### Stored data
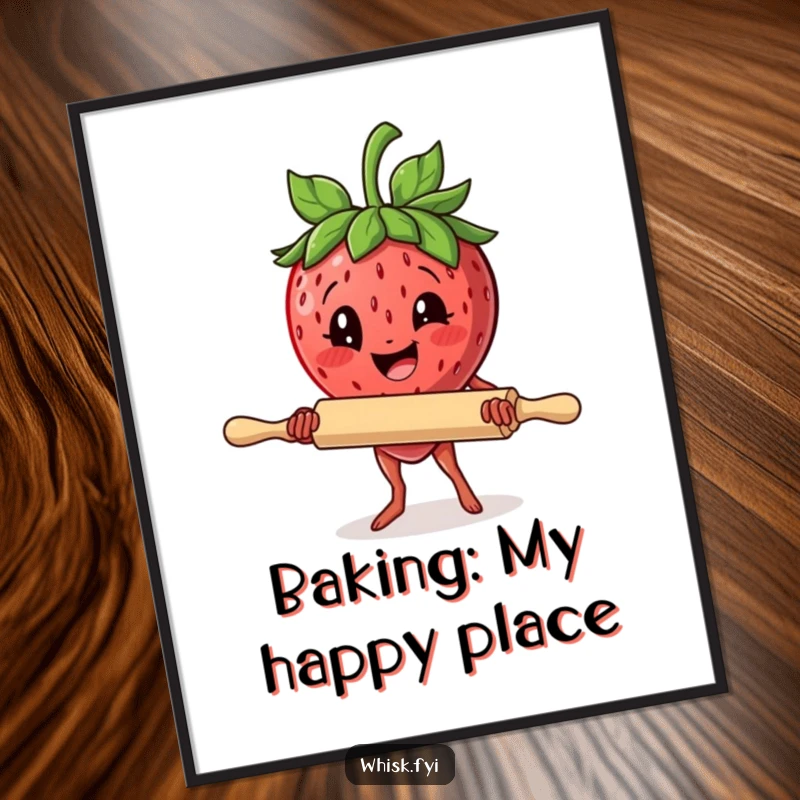 Funny poster print of a delighted strawberry holding a rolling pin with determined effort, a fun kitchen decor piece.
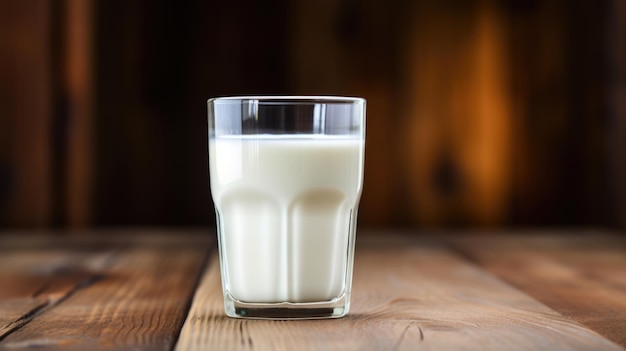 Glas Milch auf einem hölzernen Hintergrund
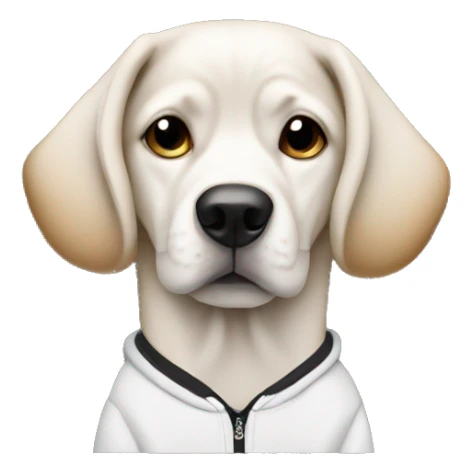 dog wearing a supreme hoodie sticker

### Prompt
In the answer, the data should reappear exactly, with no pictures.

### Final answer
 Funny poster print of a delighted strawberry holding a rolling pin with determined effort, a fun kitchen decor piece.
 Glas Milch auf einem hölzernen Hintergrund
 dog wearing a supreme hoodie sticker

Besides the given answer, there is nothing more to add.